Federal Appeals Judge And Chicago Law Professor Richard A. Posner Calls Criminalization Of Marijuana “Really Absurd” And It’s Not “Sensible” To Apply Criminal Law To Solve Addiction Problems


CHICAGO, ILLINOIS – Judge Richard A. Posner, a Chicago law school professor and Reagan-appointed jurist on the Seventh Circuit U.S. Court of Appeals, said Thursday that the criminalization of marijuana is “really absurd,” explaining that he sees no difference between the currently-criminalized substance and cigarettes.

“I don’t think we should have a fraction of the drug laws that we have,” he said, speaking to an audience at Elmhurst College in Illinois. “I think it’s really absurd to be criminalizing possession or use or distribution of marijuana.
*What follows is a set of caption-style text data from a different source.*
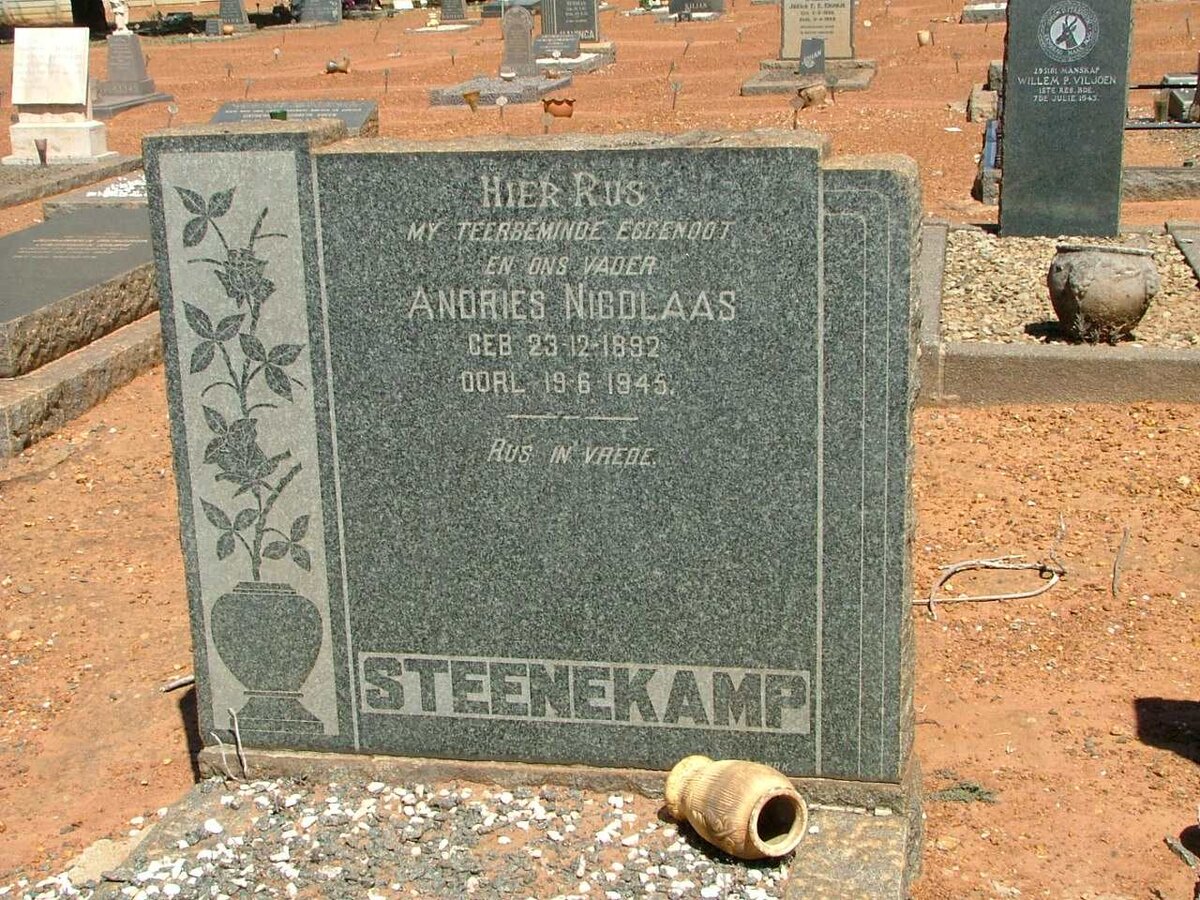 STEENEKAMP Andries Nicolaas 1892-1945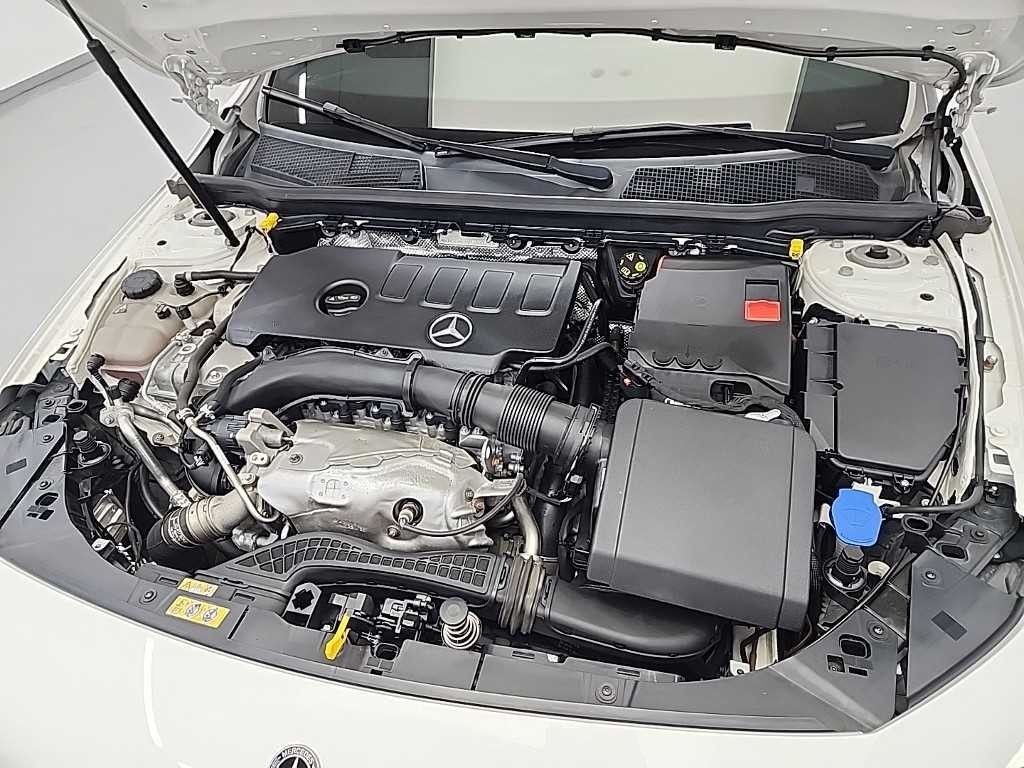벤츠 A 클래스 A클래스 W177 A220 세단 이미지 5
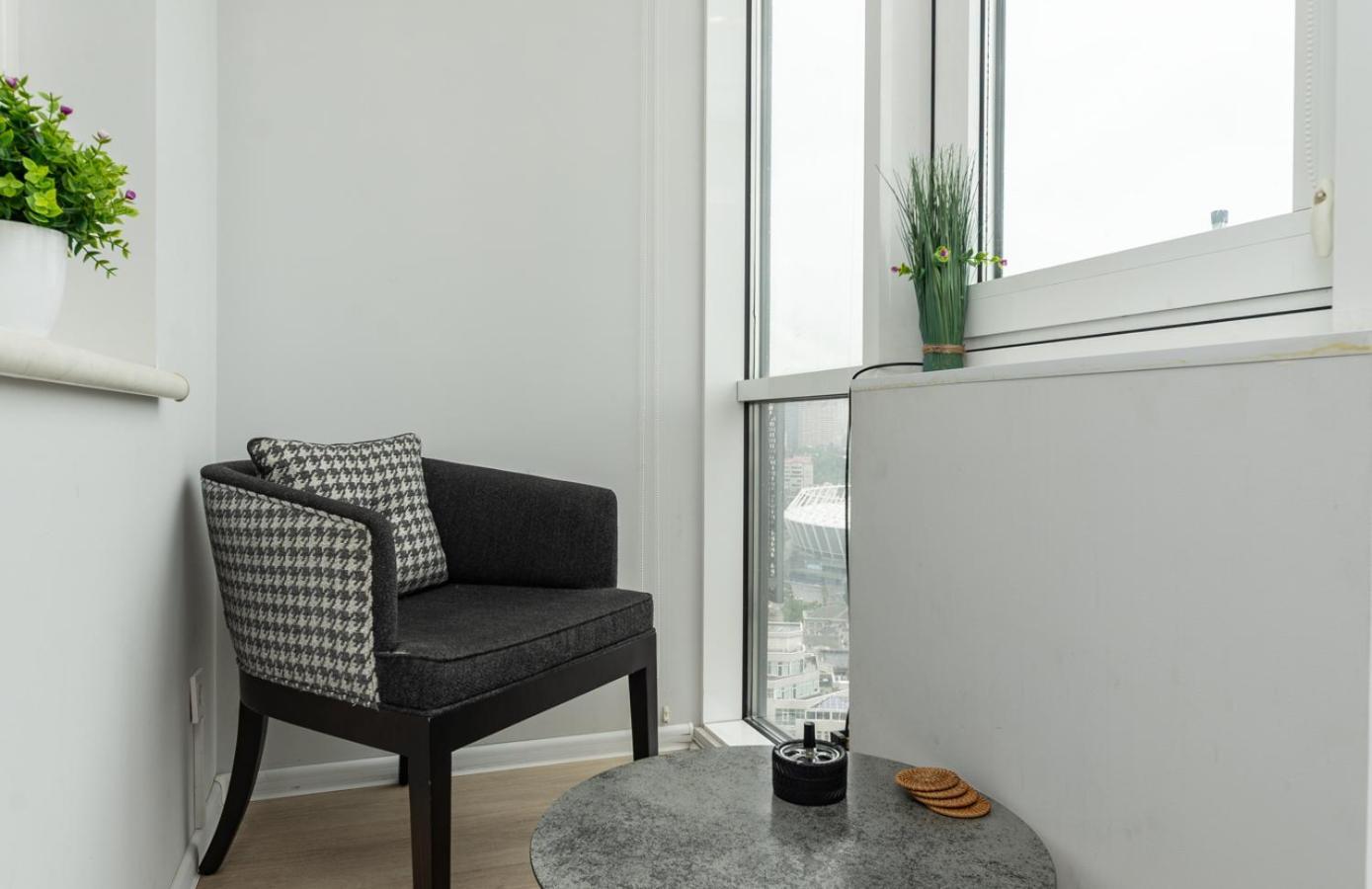 Royal Tower Residence Big Vip Apartment In Center Floor 27 基輔 外观 照片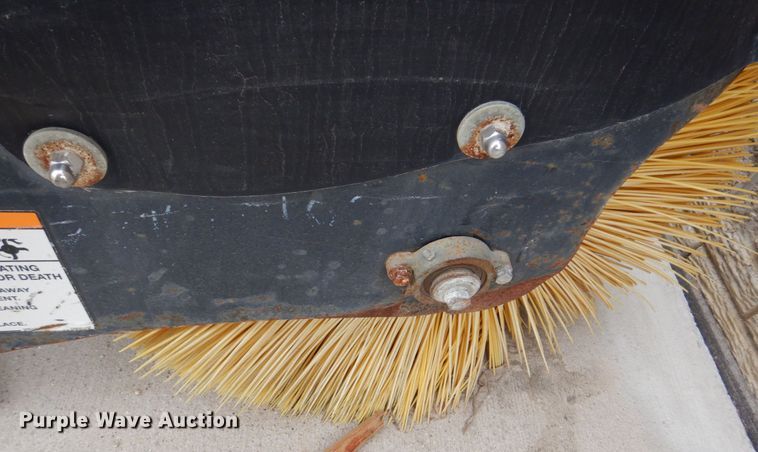 image for item MF9049 2009 Bobcat 84 skid steer broom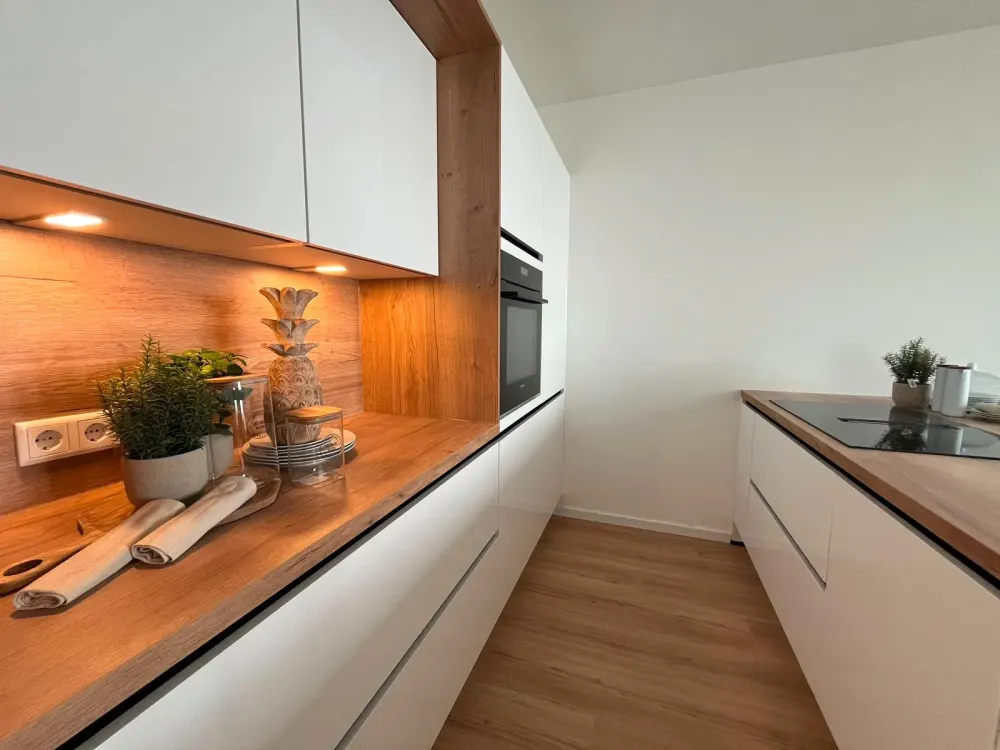Erstbezug: Hochwertige Neubauwohnung mit Einbauküche & Balkon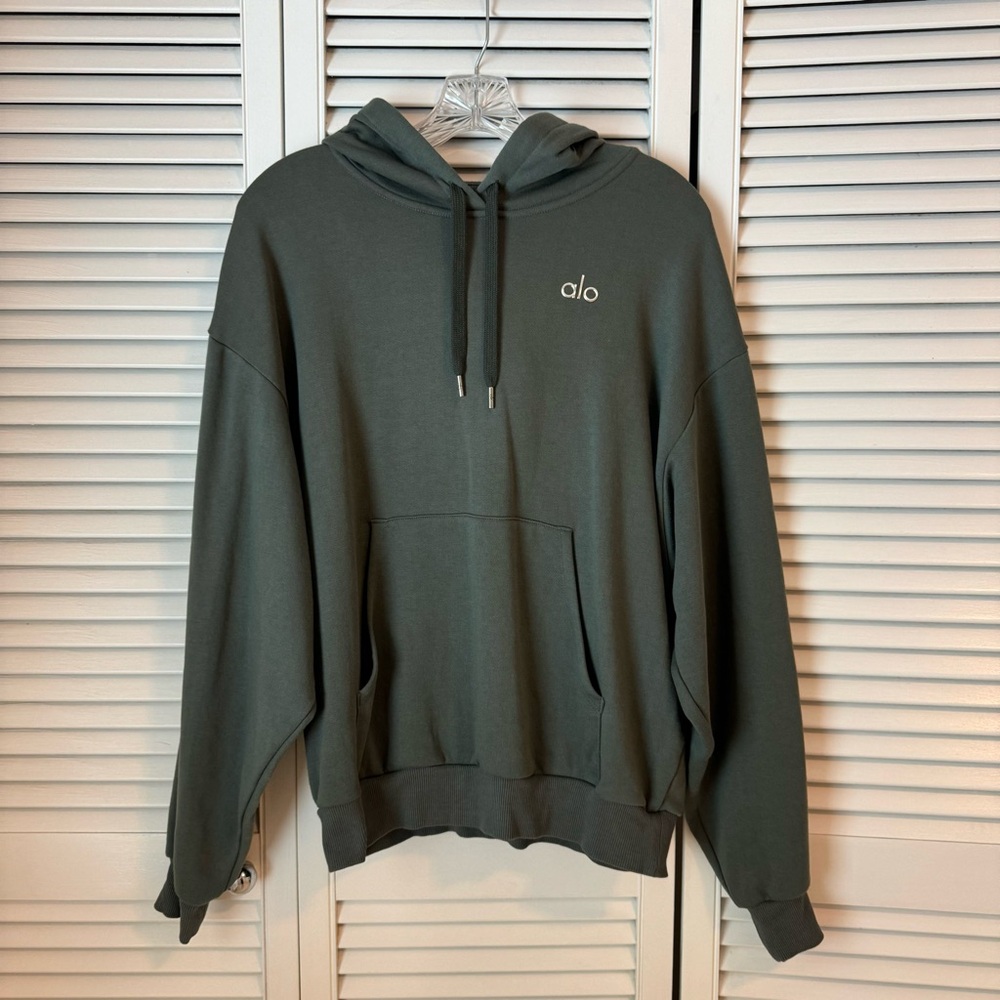 Alo Yoga Accolade hoodie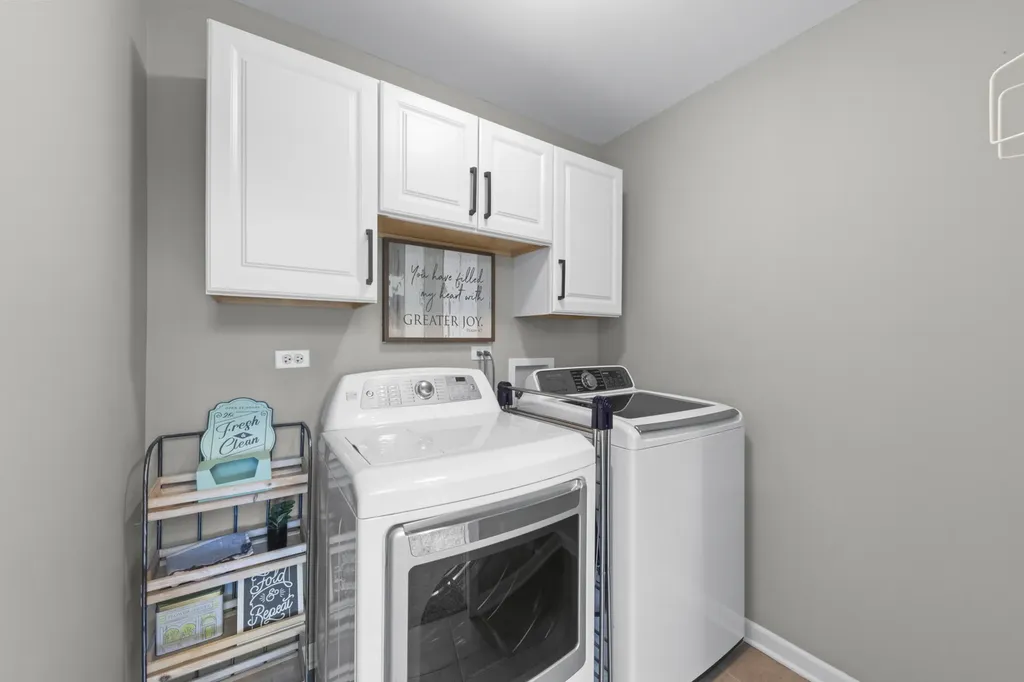 501 Graywood Drive Lombard IL 60148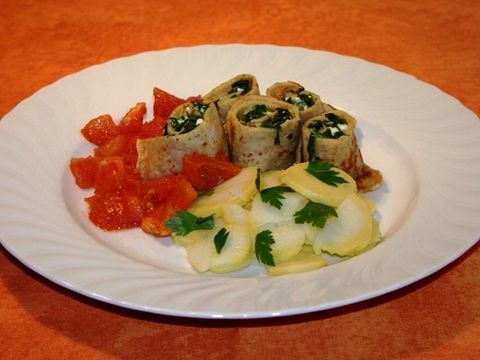 Buchweizenpalatschinken mit Schafkäse-Mangoldfülle
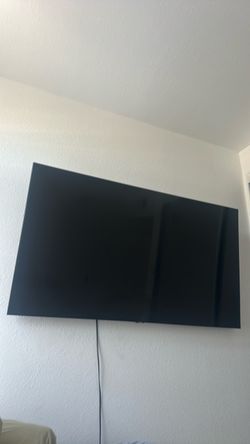 65 inch Samsung Smart tv + mount and remote included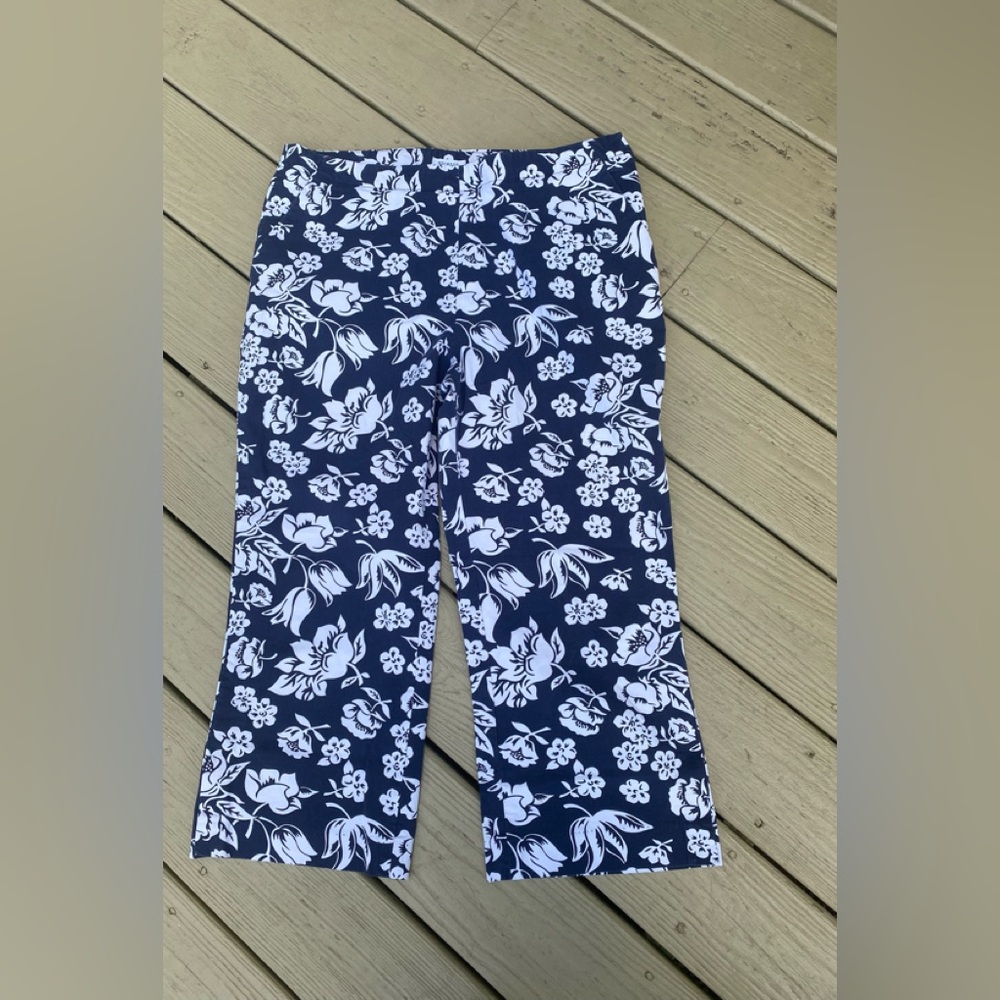 GAP - Woman’s navy & white floral pattern stretch wide leg crop pants, Size: 14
I can’t see any difference between that and cigarettes.”

Posner added that he’s also “skeptical about the other drug laws,” saying it’s not “sensible” to apply criminal law to solve the problem of addiction.

Of course, the irony in Posner’s comments is that he was appointed by a president who went down as one of the nation’s most charasmatic drug warriors ever: President Ronald Reagan, who once declared that he was convinced “smoking even one marijuana cigarette is equal in brain damage to being on Bikini Island during an H-bomb blast.”

Later in his speech, a wide-ranging talk on the troubles posed by the interaction of capitalism and democracy, Posner went on to say that President Barack Obama’s auto-bailouts were “a very good thing” because they saved so many jobs, but added that the healthcare reform bill “probably impeded recovery” somewhat because it created uncertainty in the markets.

The respected conservative jurist made headlines recently when he declared to National Public Radio that he’d become “less conservative since the Republican Party started acting goofy.”